Hans-Dietrich Genscher hat immer darauf hingewiesen, dass man sich in der EU für Mehrheiten mit Partnern abstimmen muss. Das ist eine der Grundlagen liberaler Politik. Man hat nie die Mehrheit allein und muss seine Anliegen mit guten Argumenten vortragen. Und die anderen sollten sich selbst nicht als das Maß aller Dinge sehen und zuhören. Natürlich ist in einer Diktatur alles einfacher, aber es ist ganz sicher nicht besser.
„Deutschland zuerst“ wird von einer Partei als Gegensatz zu Europa verstanden, nicht wissend, dass dies die Vereinbarung der Alliierten im Zweiten Weltkrieg war, Deutschland als Hauptproblem zuerst zu besiegen, was danach zu „Europe first“ abgewandelt wurde.

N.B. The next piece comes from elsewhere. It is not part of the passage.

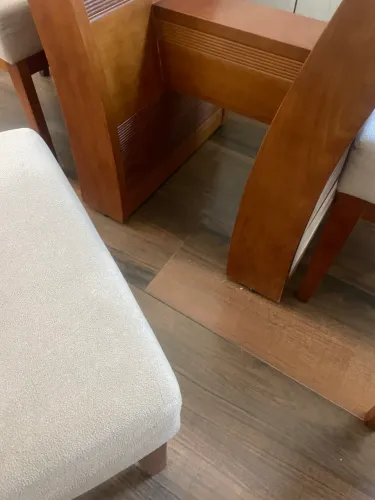 Vendo linda mesa de 8 cadeiras estofados e madeira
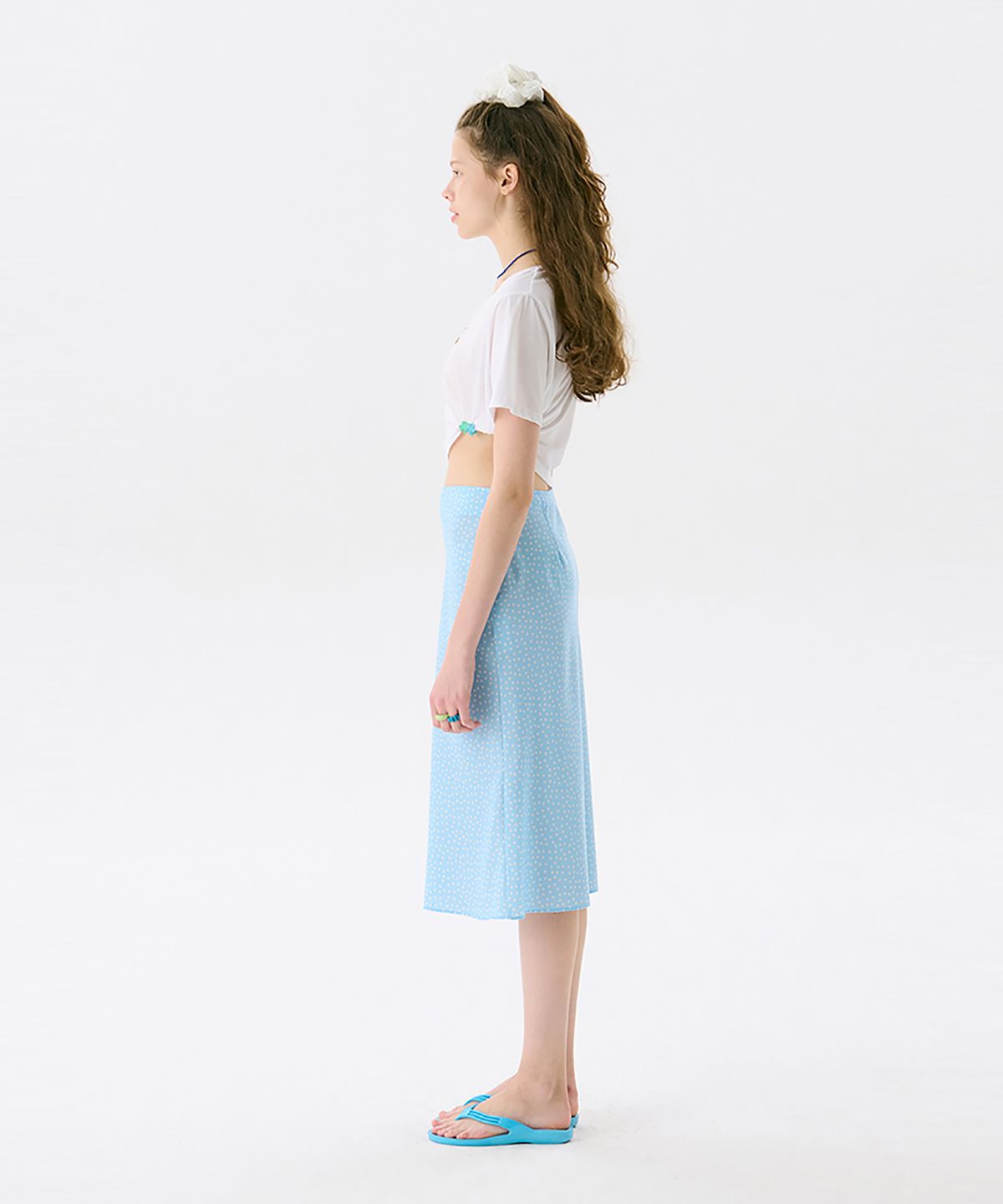 준준스페이스(JUNEJUNE SPACE) Midi Flare Skirt_Light Blue(미디 플레어 스커트_라이트 블루)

Gegen ein starkes Bayern wäre nichts einzuwenden, wenn dadurch die pro-europäische Idee gestärkt würde. Europa sollte ein Europa der Regionen sein, nicht der nationalen Interessen. Die Europäische Union wird und muss sich wandeln. Die eine oder andere globale Regelung muss modifiziert werden. Aber es gibt keine Alternative, nicht zum Euro und nicht zur Europäischen Union. Daher sollten wir alle nur die Parteien wählen, die das positiv gestalten wollen. Es gibt ja einige zur Auswahl!